Animals are definitely a hot topic in the academic world. But as we’ve noted in the past, that isn’t always necessarily a good thing. Many students of animal studies are merely commenting on animals, or our relationship with them, and not thinking about how that relationship should change. While one part of me wants to believe that attention is better than the deliberate ignorance that has traditionally characterized our relationships with animals, more and more I’m thinking there are serious dangers in this approach. Academic animal studies could become just one more attempt to normalize what is a completely abusive and exploitative world. Much like what the industry is doing, it’s a way of hiding the truth in plain sight — by commenting on our abusive relationships without criticizing them, such scholars run the risk of normalizing the horror.
Which brings us to Critical Animal Studies, which rights this potential wrong by doing exactly what other scholars too often refuse to do. The hallmark of Critical Animal Studies is, of course, criticism. It seeks to illuminate for a purpose, and that purpose is to create change, positive change. Another hallmark of Critical Animal Studies is that it often points to the intersections between the exploitation of animals and the oppression and exploitation of certain populations of humans. Which brings us to the subject of this year’s 12th Annual North American Conference for Critical Animal Studies, which will be held in Minneapolis in June. The theme of the conference is Breaking the Silence on Global and Local Intersections of Ethnicity, Spirituality, and Nonhuman Animals.

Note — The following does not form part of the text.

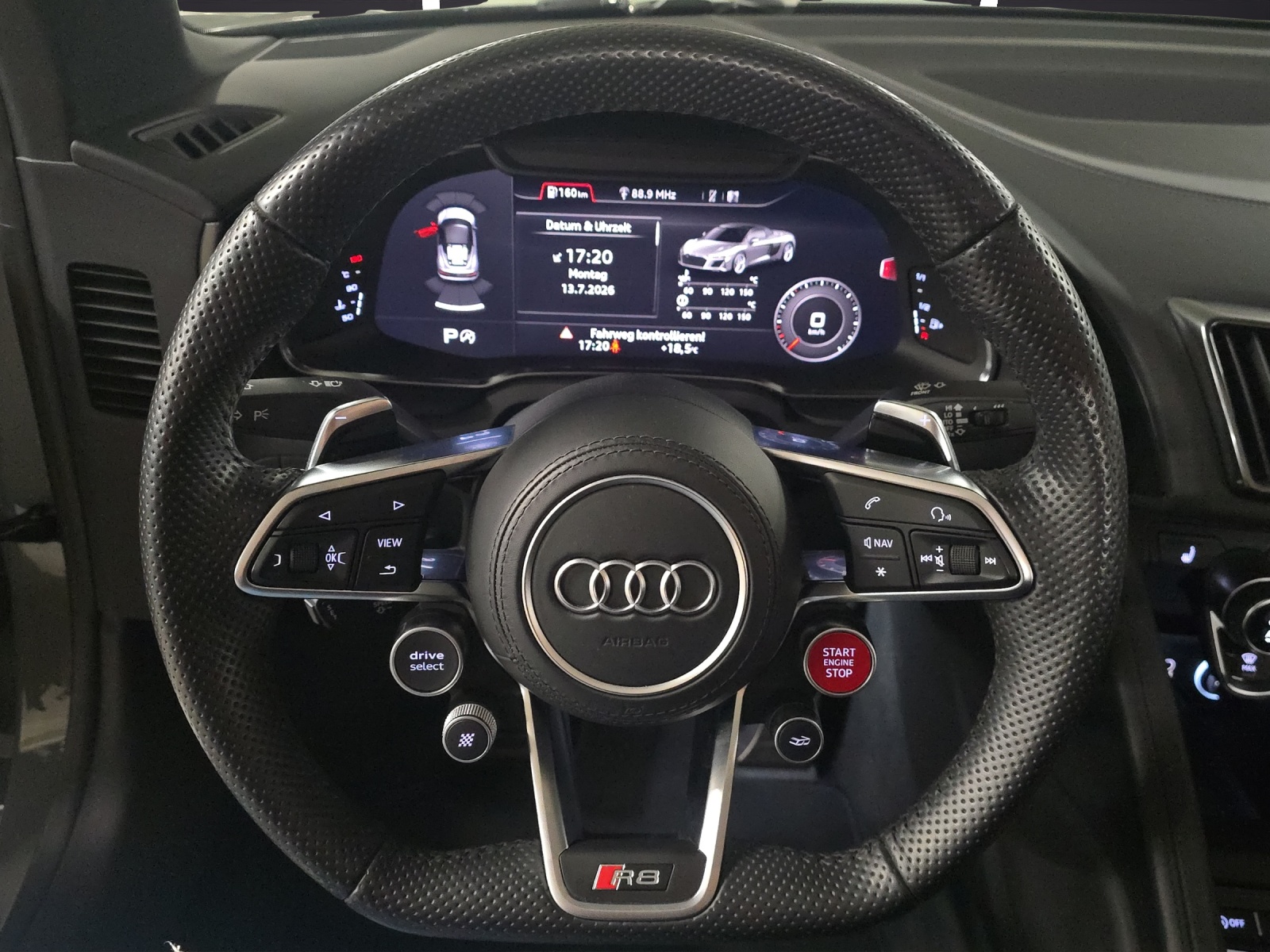 AUDI R8 Spyder S-Tronic-image-11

As always, this conference welcomes a broad array of presenters from different fields, different areas of expertise and even different levels of academic achievement, “including nonprofit organizations, political leaders, activists, and professors, staff, and students from within higher education.” So if this topic calls to you, don’t hold back from thinking of yourself as a potential presenter, regardless of the nature of your qualifications. The topics that they are particularly interested in exploring cover a broad range, and include “the histories of social movements, spirituality, global religions, race, ethnicity, decolonization, critical race theory, nonviolence, alliance politics, freedom, democracy, total inclusion, global trade, globalization, whiteness, radical feminism, anti-racism, imperialism, prison abolition, labor rights, disability rights, legal issues, and indigenous rights/sovereignty.”
The deadline for submissions for presentations is April 1.